Cross-view Self-localization from Synthesized Scene-graphs
This work addresses the problem of visual place recognition in sparse viewpoints for robotics or AR applications, representing an incremental improvement by combining existing techniques to mitigate quality and storage issues.
The paper tackles cross-view self-localization by proposing a hybrid scene model that fuses view-invariant appearance features from raw images with view-dependent spatial-semantic features from synthesized images, achieving improved performance on a novel dataset generated with a photorealistic Habitat simulator.
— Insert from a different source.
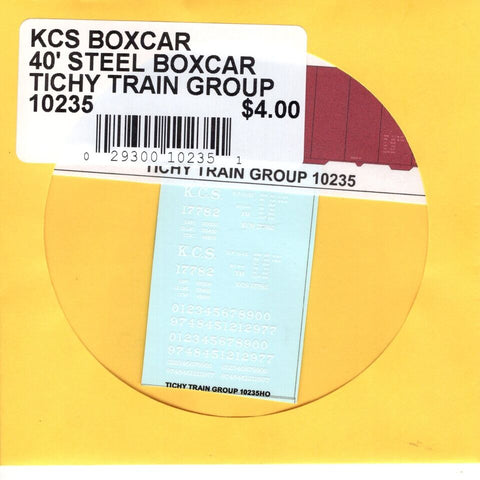 HO Scale Tichy Train 10235 KCS Boxcar 40' Steel Boxcar Decal Set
Cross-view self-localization is a challenging scenario of visual place recognition in which database images are provided from sparse viewpoints. Recently, an approach for synthesizing database images from unseen viewpoints using NeRF (Neural Radiance Fields) technology has emerged with impressive performance. However, synthesized images provided by these techniques are often of lower quality than the original images, and furthermore they significantly increase the storage cost of the database. In this study, we explore a new hybrid scene model that combines the advantages of view-invariant appearance features computed from raw images and view-dependent spatial-semantic features computed from synthesized images. These two types of features are then fused into scene graphs, and compressively learned and recognized by a graph neural network. The effectiveness of the proposed method was verified using a novel cross-view self-localization dataset with many unseen views generated using a photorealistic Habitat simulator.